As mentioned in the question, the ratio of the sum of first n terms of two different arithmetic progressions is as follows
For 1st arithmetic progression, let the first term and common difference be ‘a’ and ‘d’ respectively and for the 2nd arithmetic progression, let the first term and common difference be ‘A’ and ‘D’.
Now, we can write as following using the formula given in the hint,
$\dfrac{{{S}_{n}}}{{{S}_{n}}\grave{\ }}=\dfrac{\left( 7n+1 \right)}{\left( 4n+27 \right)}$
Now, we can write this ratio as follows
$\dfrac{\dfrac{n}{2}\left( 2a+(n-1)d \right)}{\dfrac{n}{2}\left( 2A+(n-1)D \right)}=\dfrac{\left( 7n+1 \right)}{\left( 4n+27 \right)}$.
$\dfrac{\left( 2a+(n-1)d \right)}{\left( 2A+(n-1)D \right)}=\dfrac{\left( 7n+1 \right)}{\left( 4n+27 \right)}$.
$\dfrac{\left( a+\dfrac{(n-1)}{2}d \right)}{\left( A+\dfrac{(n-1)}{2}D \right)}=\dfrac{\left( 7n+1 \right)}{\left( 4n+27 \right)}$ ---(a).
We know that the ${{n}^{th}}$ term of an A.P (Arithmetic progression) is defined as ${{T}_{n}}=a+\left( n-1 \right)d$---(1), where a is first term and d is the common difference.
Now, we are asked the ratio of the ${{m}^{th}}$ term of these two series and let us assume it as ‘m’. Using equation (1) we get,
$\dfrac{a+\left( m-1 \right)d}{A+\left( m-1 \right)D}=x\ \ \ \ \ ...(b)$
We need to make a substitution in place of n of the equation (a) to get equation (b). So, we compare both numerators (or denominators) to find the value that needs to substitute in n.
So, we have $\dfrac{(n-1)}{2}=\left( m-1 \right)$.

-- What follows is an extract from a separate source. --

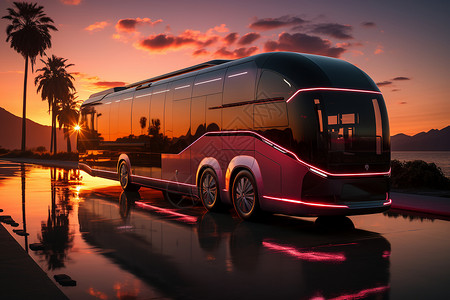 夕阳下的未来电动客车背景图片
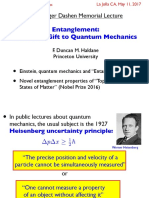 2017 Roger Dashen Memorial Lecture: Entanglement: Einstein's Gift To Quantum Mechanics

$n-1=2\left( m-1 \right)$.
$n-1=2m-2$.
$n=2m-2+1$.
$n=2m-1$ ---(c).
We now substitute the result obtained from equation (c) in equation (a).
$\dfrac{\left( a+\dfrac{(2m-1-1)}{2}d \right)}{\left( A+\dfrac{(2m-1-1)}{2}D \right)}=\dfrac{\left( 7\times \left( 2m-1 \right)+1 \right)}{\left( 4\times \left( 2m-1 \right)+27 \right)}$.
$\dfrac{\left( a+\dfrac{(2m-2)}{2}d \right)}{\left( A+\dfrac{(2m-2)}{2}D \right)}=\dfrac{\left( 14m-7+1 \right)}{\left( 8m-4+27 \right)}$.
$\dfrac{\left( a+\left( m-1 \right)d \right)}{\left( A+\left( m-1 \right)D \right)}=\dfrac{\left( 14m-6 \right)}{\left( 8m+23 \right)}$.
On comparing numerator and denominator with equation (1), we get
$\dfrac{{{T}_{m}}}{T_{m}^{'}}=\dfrac{\left( 14m-6 \right)}{\left( 8m+23 \right)}$.
We have found the ratio of the ${{m}^{th}}$ terms of two progressions as $\dfrac{14m-6}{8m+23}$.

Note: We should not take the same first term and common difference for both progressions as it will make us confused and give wrong results. Whenever we get this type of problem, we need to first take the ratio and make a substitution that will be fit in order to get the ratio of required terms. We should not confuse the general terms of geometric, arithmetic and harmonic progressions.